I'm in denial re: fatigue

OK, so before I got pregnant I was tired all the time and I needed to have a nap after work sometimes {all right, all right - a lot of times!} and lots of times my weekends were shot just trying to get rested. So that said,I read all sorts of things about how tired I'll be. Yep - and HOLY COW!!! I just somehow didn't think I'd be THAT tired, that it couldn't be too much worse than what I was going thru b4 the pregnancy. Oh I knew it'd happen, but I was just not prepared. Some days are better than others.Boy am I having a hard time w/ it. I have so much to get done and I just get/am worn out. My other problem is that I'm not being really talkative/descriptive to my hubby about the tiredness mostly because of my history.

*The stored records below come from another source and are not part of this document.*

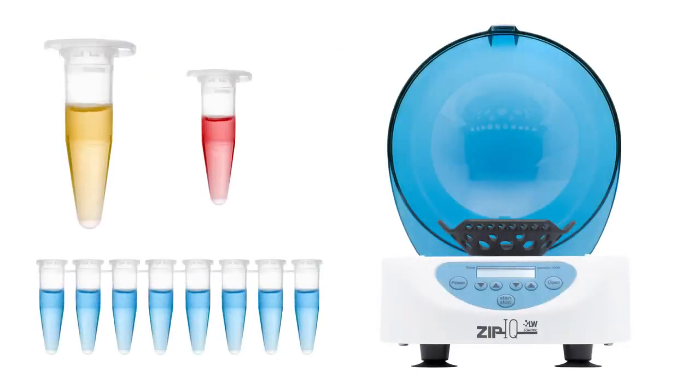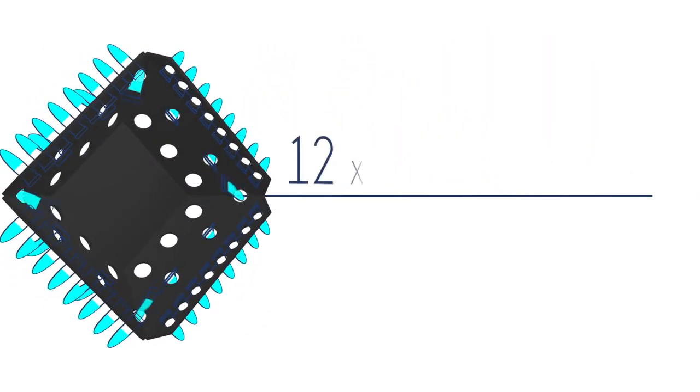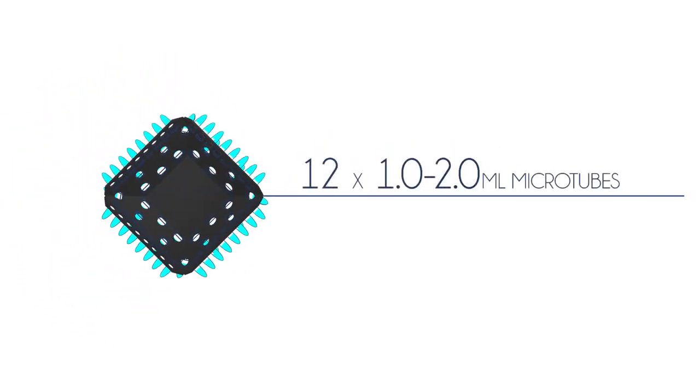The ZipIQ can do both: spin 4 PCR strips, 12 0.5–0.9 milliliter microtubes, and 12 1–2 milliliter microtubes.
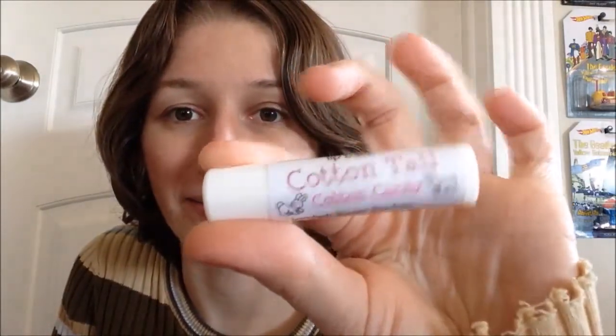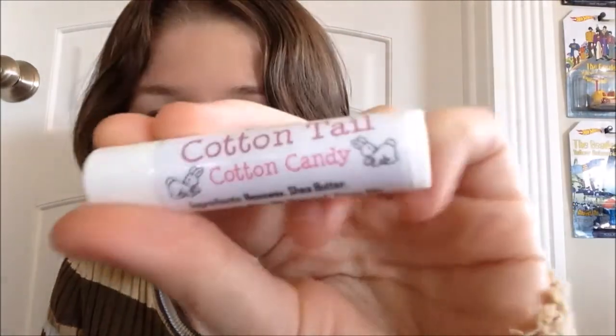Did I do Easter last? Yeah, I did! I just had this blank moment — it's still on this table. But anyway, today I'm doing the Cottontail Cotton Candy one, and can I just say, how cute are these little bun buns? They're so freaking cute.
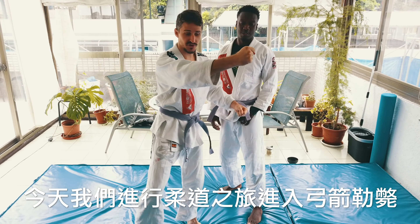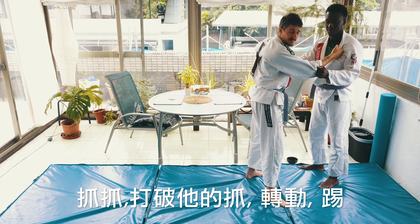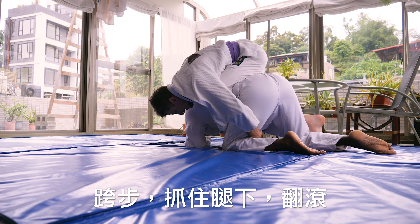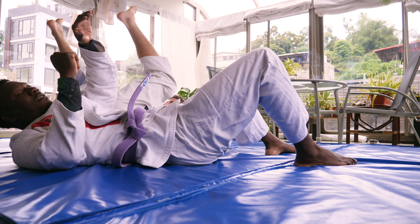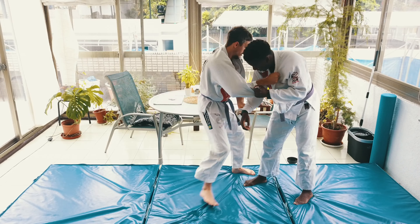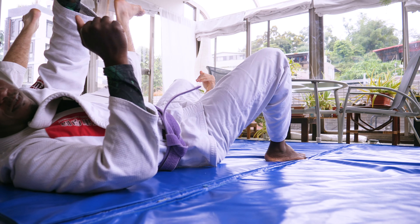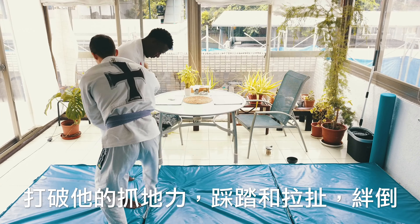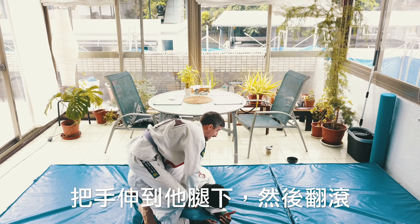Today we do a judo trip into bow and arrow choke. Grip, break his grip, turn, kick, turn, step through, under the leg, leg over for extra power. Break his grip, step and pull, sweep, step through, legs going across his belly, under his leg, and roll.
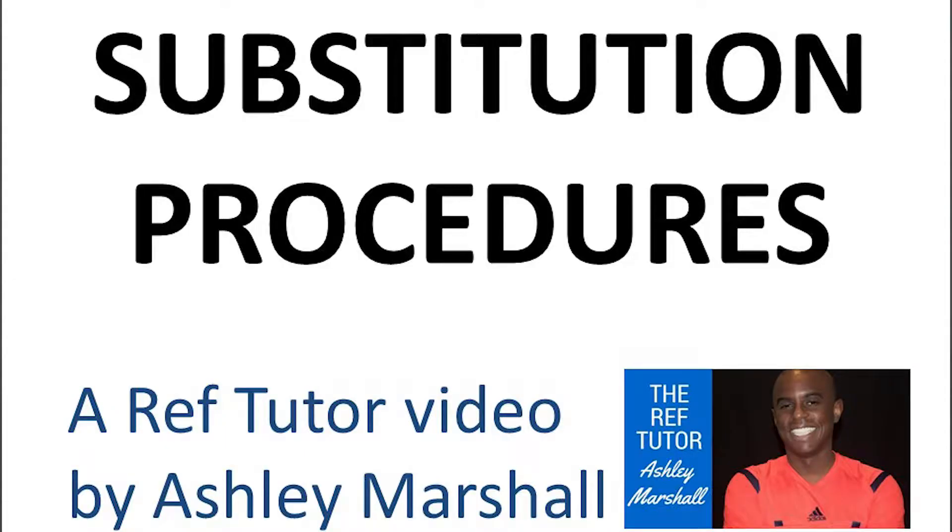This is Ashley Marshall from RefTutor. In this video we're going to be looking at how to manage substitutions properly in a one referee small sided game situation. This video presumes that you have already watched my video on substitution procedures.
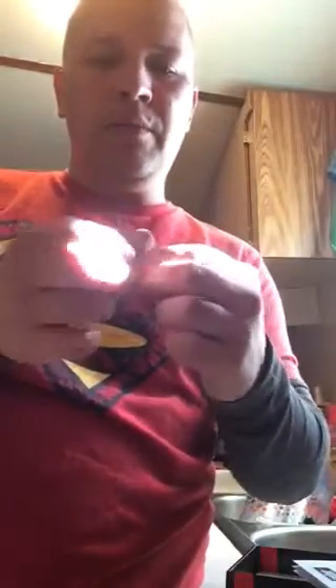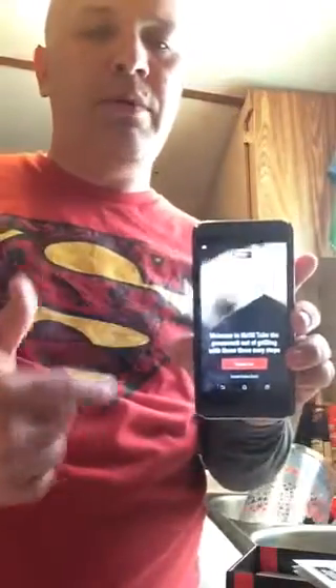Here you have the little iGrill Mini — this is all it is. You attach this to your grill or smoker. This is your probe that goes into your meat, and it comes with an attachment that allows you to completely attach it to your smoker or grill. This is Bluetooth ready, and I just installed the Weber app.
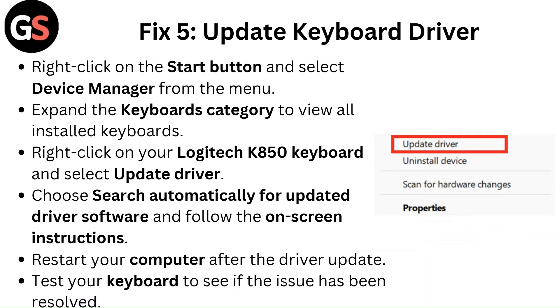Fix 5: Update the keyboard driver. Right-click on the Start button and select Device Manager from the menu. Expand the Keyboards category to view all installed keyboards. Right-click on your Logitech K850 keyboard and select Update Driver. Choose 'Search automatically for updated driver software' and follow the on-screen instructions. Restart your computer after the driver update and test your keyboard to see if the issue has been resolved.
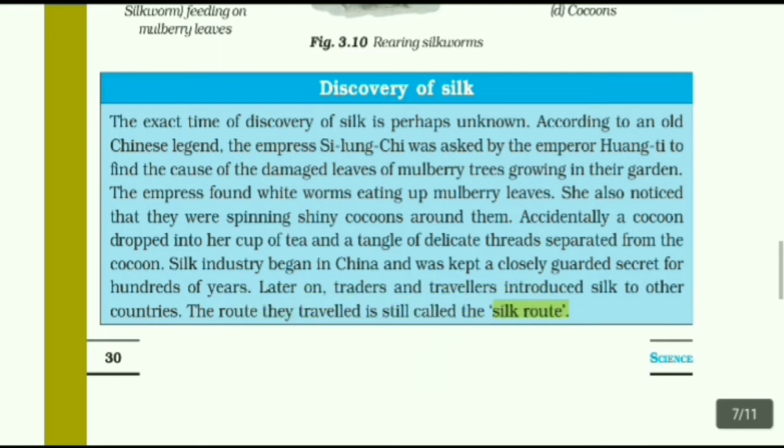Discovery of silk: The exact time of discovery of silk is perhaps unknown. According to an old Chinese legend, the Empress Xilukchi was asked by the Emperor Huangti to find the cause of the damage to mulberry tree leaves growing in their garden. The Empress found white worms eating up mulberry leaves. She also noticed shiny cocoons around them. Accidentally, a cocoon dropped into her cup of tea and a tangle of delicate threads separated from the cocoon. Silk industry began in China and was kept a closely guarded secret for hundreds of years. Later, traders and travelers introduced silk to other countries.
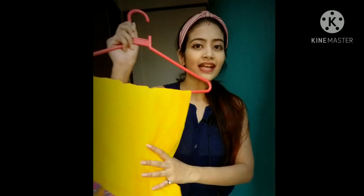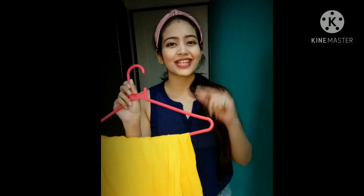Hello everyone, welcome back to Buzzbee. Today I am going to take a very exciting video. In this video, I will tell you how to drape a single saree in 3 different styles. I have this yellow color saree and I am going to drape this in 3 different styles. So without wasting time, let's get into the video.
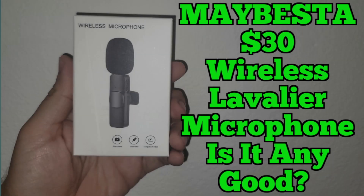This is my review of the Maybesta wireless lavalier microphone that I bought off Amazon for around 30 bucks. Is it any good?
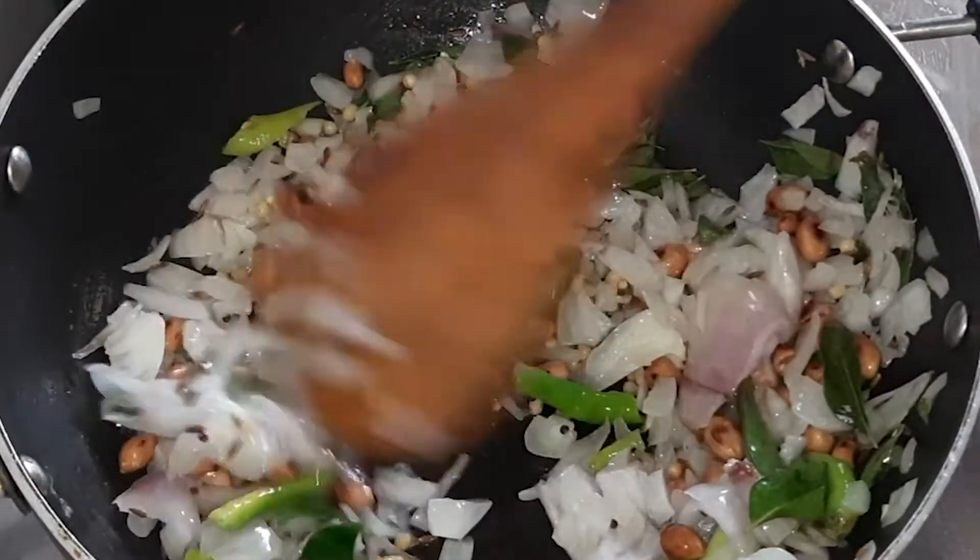Mix the powder in. You can mix the powder with a mix of all the ingredients. Mix the powder in a bit. Now, let's add a little bit of salt.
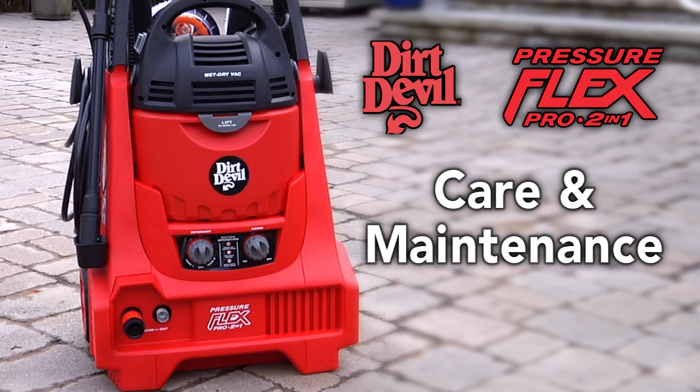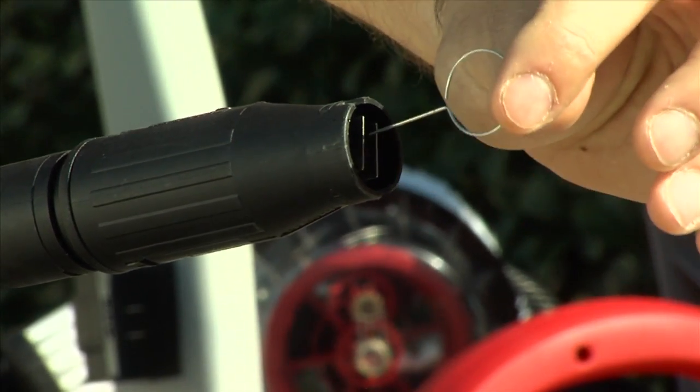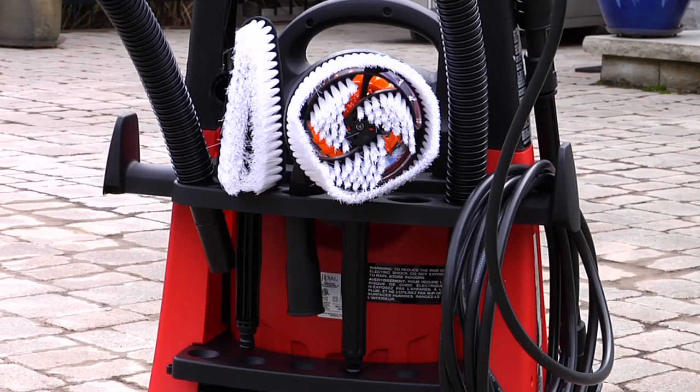Care and maintenance is required to properly maintain the life of your pressure washer. Please follow these steps for care and maintenance of your machine. Clean all accessories to be sure they are free of debris. Store the tools on board for future use.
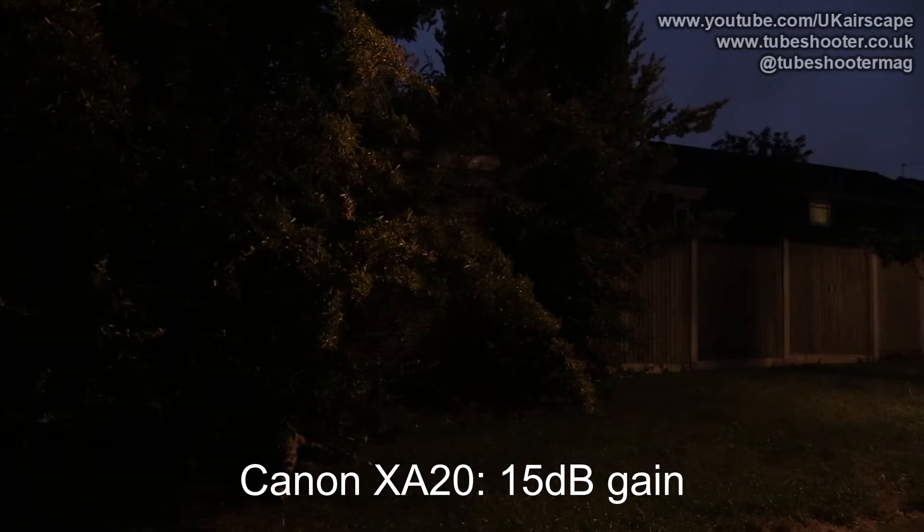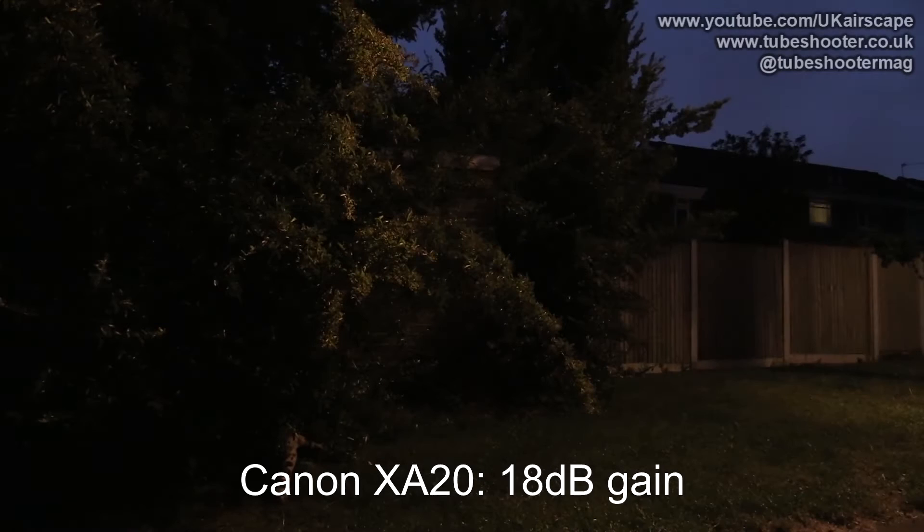Just a couple of things you ought to know about this test. Firstly, the Canon is zoomed out fully wide so that the aperture can be as wide open as possible — that's F1.8. It's very dark outside, as you can probably tell, and before I put in about 15dB of gain, you could barely see the image at all.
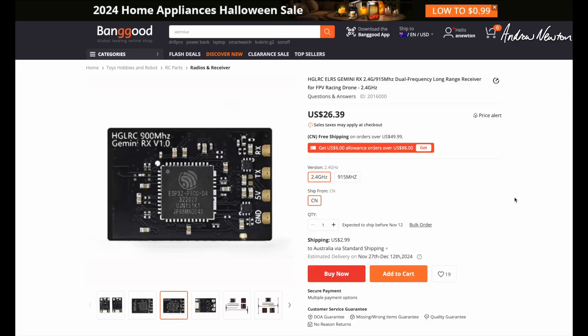Banggood sent this to me for the review so let's have a look at the Banggood website. It's $26.39, but that price may well change at the time you're looking at it. You can get the 2.4GHz and 915MHz varieties.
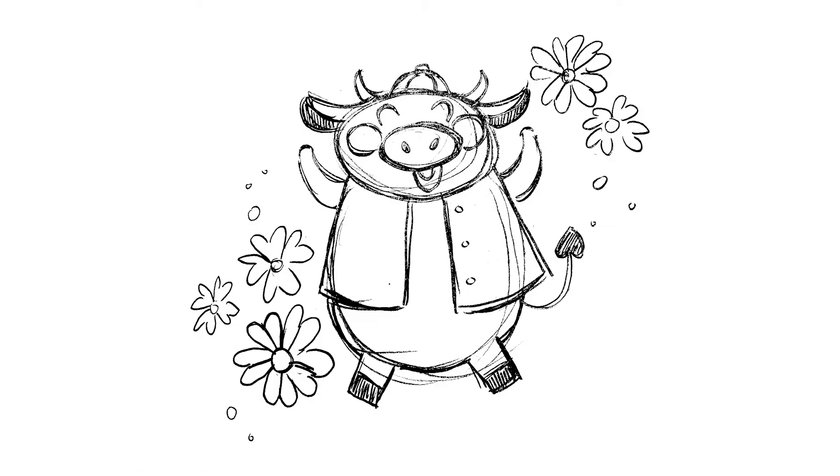Hello everyone, this is Shania from Creative Arts and Music Center. Welcome to Quick Draw, our free online drawing class for all of you to enjoy. We draw everything from Disney characters to cute animals to Pokemon. Each lesson is a new surprise.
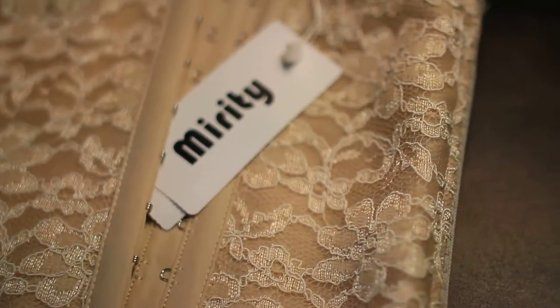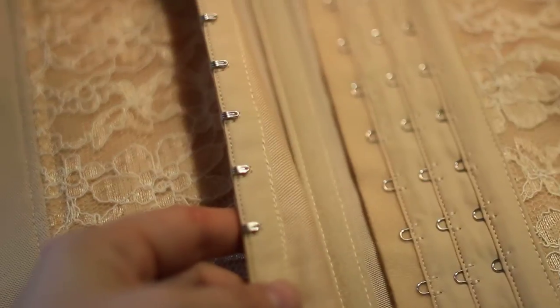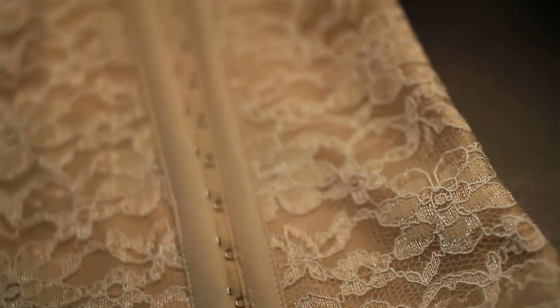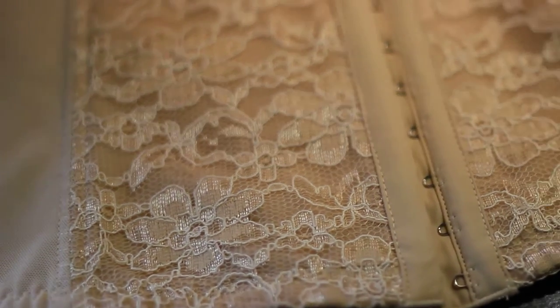It's easy to put on. You just wrap it around your waist and hook it together the same way you'd hook a bra, depending on which level you choose. I find that starting from the bottom and working your way up works great. It is supposed to fit tight.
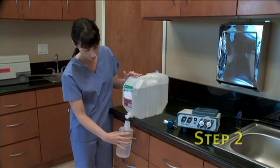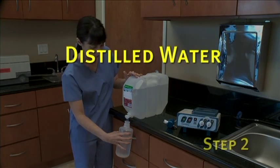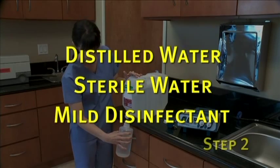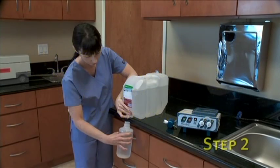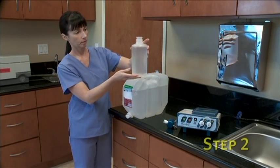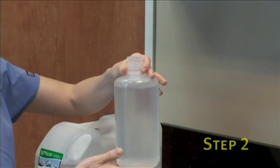For the second step, we are going to fill and connect the rinse fluid container. The most common fluid used is distilled water, but sterile water or even fluid with a mild disinfectant can be used as well. It is best to check with your supervisor or infection control committee to determine what is your facility's protocol. First, fill the container with either sterile or distilled water, making sure to leave one inch of space from the bottom of the bottleneck.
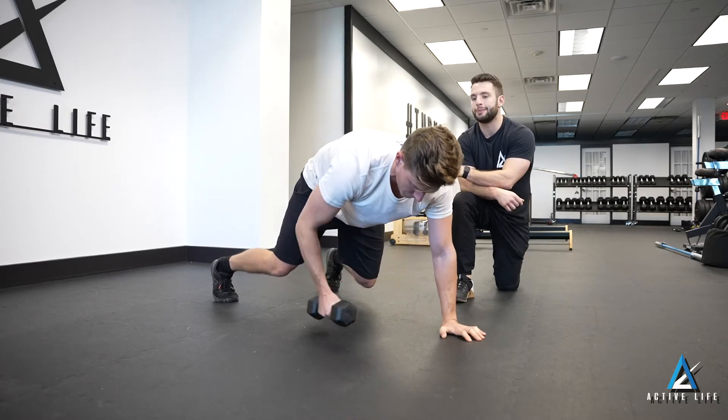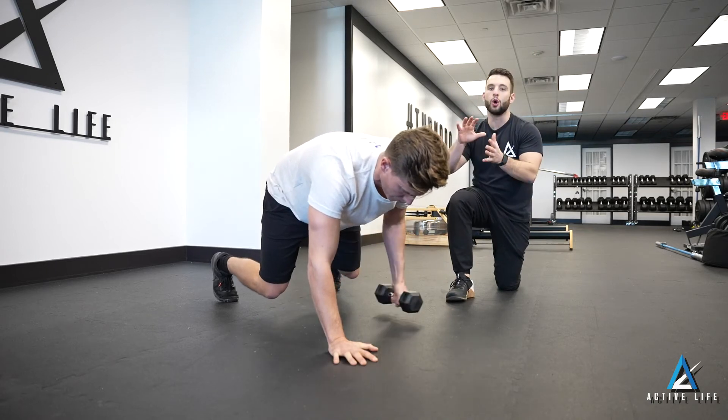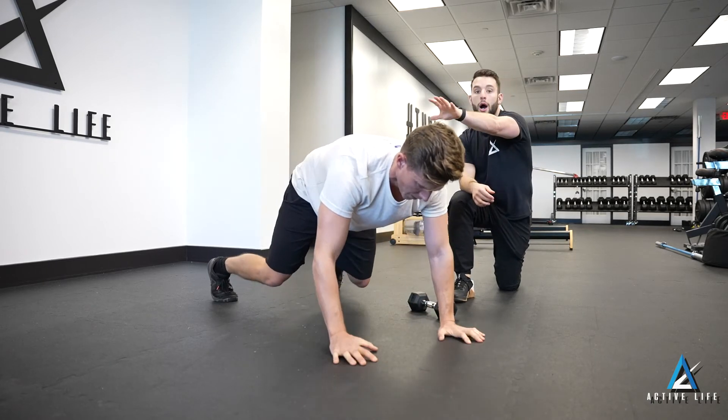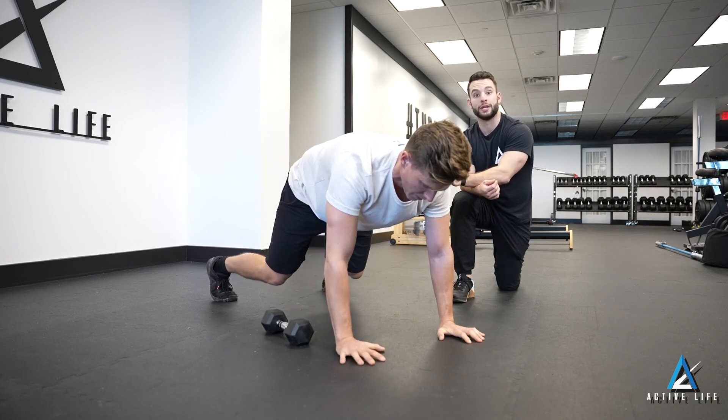One of the things we're looking to do here is limit any unwanted movement. In this case, extra rotating of the hips or upper back is unwanted in this position — try and limit as much movement as possible.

It's a sticky point for me.  I'm trying to save face I think and I just need to fully embrace the sleepy. Not doing well in that arena. It bums me out to know that about myself: that I'm trying to sort-of cover up or hide or some weird thing ; that I'm not completely honest w/ him about how I feel day to day. As if he wouldn't be understanding. Yeah, right - he's been absolutely super about everything. What do I really have to be worried about? It's all in my head. And even before - he knows how hard I work and it really takes a toll on me (THAT needs fixing, definitely -how taxing my work is on my brain/body even tho I sit at a computer for 8-9 hrs a day and commute 1 hr each way... that'll be another post.) And sometimes it's about food; I get home and am just super sleepy but have a snack and I'm a little better. I'm definitely better if I actually get a nap.I think I'd better get on the exercise bike and COMMIT to getting regular exercise. Why don't we do what we know is good for ourselves?